Determine whether the variable X has a binomial distribution in each of the following cases. If it does, explain why and determine the values of the parameters n and p. If it doesn't, explain why not.

(a) X = Number of days it snows this coming April in Winnipeg.

(b) Weights of apples sold in a grocery store follow a normal distribution with mean 150 grams and standard deviation 20 grams. You take a random sample of five apples.

X = number of apples heavier than 175 grams.

(c) You randomly select a seven-digit phone number from the Winnipeg phone book (excluding area cod

Answer 1

a) no binomial distribution, n is not fixed

Answer 2

`n is not fixed` is not true. The number of days in April is always going to be 30 days

Answer 3

in part (a) X does NOT have a binomial distribution and here's my reasoning why


* it either snows or it doesn't snow. So there are 2 outcomes. Also, n is indeed fixed to n = 30. These facts are true but the other facts aren't so clear cut.

* each day is independent from the other days (though I'm not a meteorologist so this claim may not be 100% true?)
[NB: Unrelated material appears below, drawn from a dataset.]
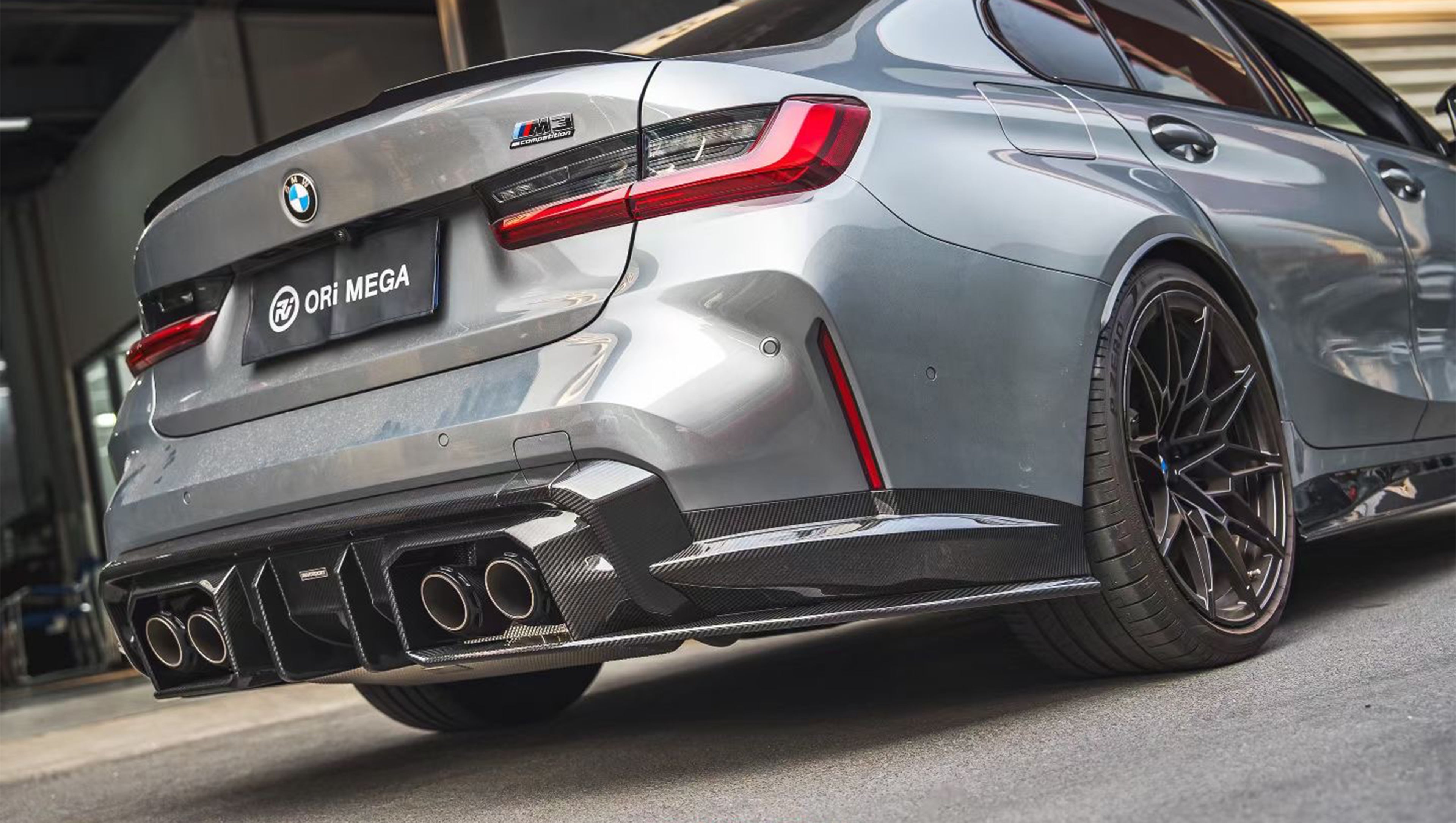Gray BMW G80 M3 featuring a REVOZPORT carbon fiber front lip, side skirts, and aggressive aero styling parked outside a modern urban garage.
* the probability that it snows varies over time. It would be nice if every day had a fixed chance of snow so you could plan, but life isn't that simple. So because p is NOT fixed, this means that we do NOT have a binomial distribution

Answer 4

okay thank you. for b) it is a binomial. n=5

Answer 5

what is p in part (b) ?

Answer 6

wait i think it shud be this instead: This is not a binomial. Though n is fixed, n=5, there are more than 2 possible outcomes. Also there is no probability of success.
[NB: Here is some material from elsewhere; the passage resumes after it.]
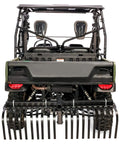Back view of Heavy Duty ATV UTV Landscape Rake For Rock Debris Removal, attached to ATV with visible tines.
using x- µ/σ/√n =175-150/20/√5 =2.795

Answer 7

`there are more than 2 possible outcomes` not true. You either have an apple lighter or of equal weight to 175 grams OR you have an apple that is heaver than 175 grams


outcome 1: lighter or of equal weight to 175 grams
OR
outcome 2: heaver than 175 grams

Answer 8

`there is no probability of success.` yes there is. Determine the area under the curve to the right of x = 175 to find the value of p

Answer 9

under the normal distribution curve

Answer 10

I should note that I'm operating under the assumption that there are so many apples that it's almost as if there is replacement going on

Answer 11

okay! c) This is not a binomial. There is no fixed number of trials. Though there are only two outcomes; getting a zero or a non zero digit, and the probability of success is constant

Answer 12

part (c) looks cut off based on what you posted at the very top

Answer 13

okay sorry.. let me post the full questions:
(c) You randomly select a seven-digit phone number from the Winnipeg phone book (excluding area code).

X = number of zeroes in the phone number.
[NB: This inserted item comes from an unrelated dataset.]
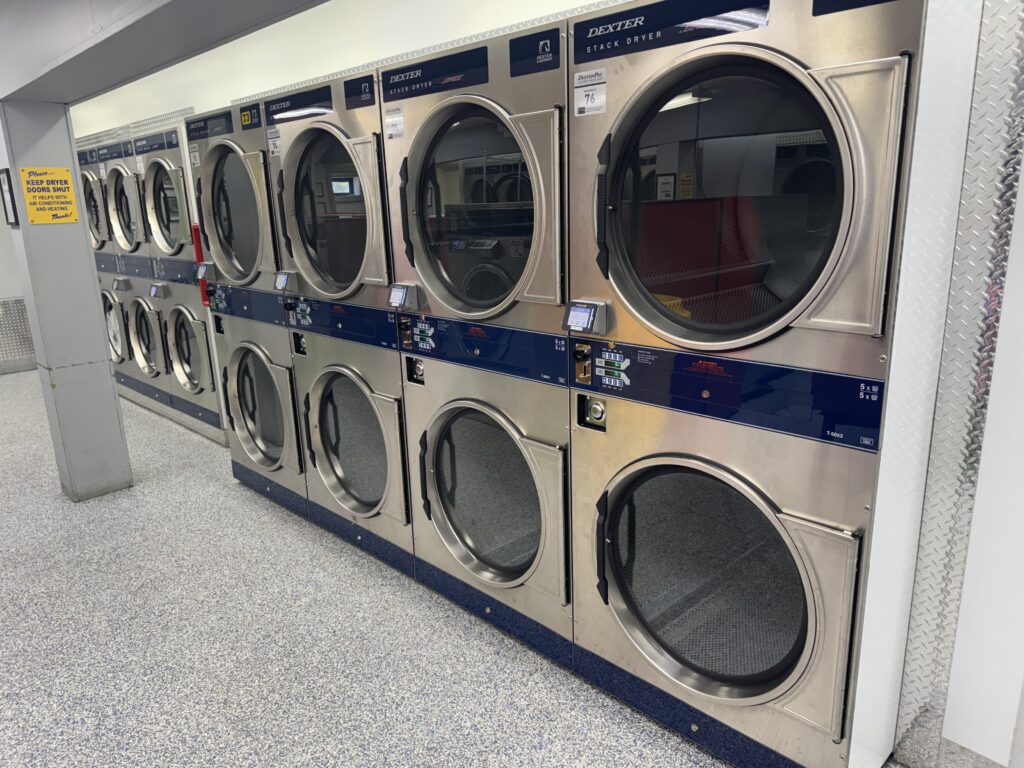 Dryers at Laundromania in Iowa City next to Holub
(d) The number of goals scored by the Winnipeg Jets follows a Poisson distribution with a rate of 2.6 per game. We take a random sample of ten Jets games.

X = number of games in which the Jets are shutout (i.e., they score zero goals).

The remainder of the questions refer to the following:

Suppose we have three boxes, each containing a number of coloured balls:

Box 1 contains 5 red balls, 3 yellow balls and 2 green balls.
Box 2 contains 9 red balls, 6 yellow balls and 5 green balls.
Box 3 contains 14 red balls, 9 yellow balls and 7 green balls.

Answer 14

(e) You randomly select 5 balls from Box 1 with replacement.

X = number of red balls selected.

(f) You randomly select 5 balls from Box 2 without replacement.

X = number of green balls selected.

(g) You randomly select balls from Box 3, with replacement, until the second yellow ball is selected.

X = number of trials to get the second yellow ball.

(h) You randomly select one ball from each box.

X = number of red balls selected.

(i) You randomly select one ball from each box.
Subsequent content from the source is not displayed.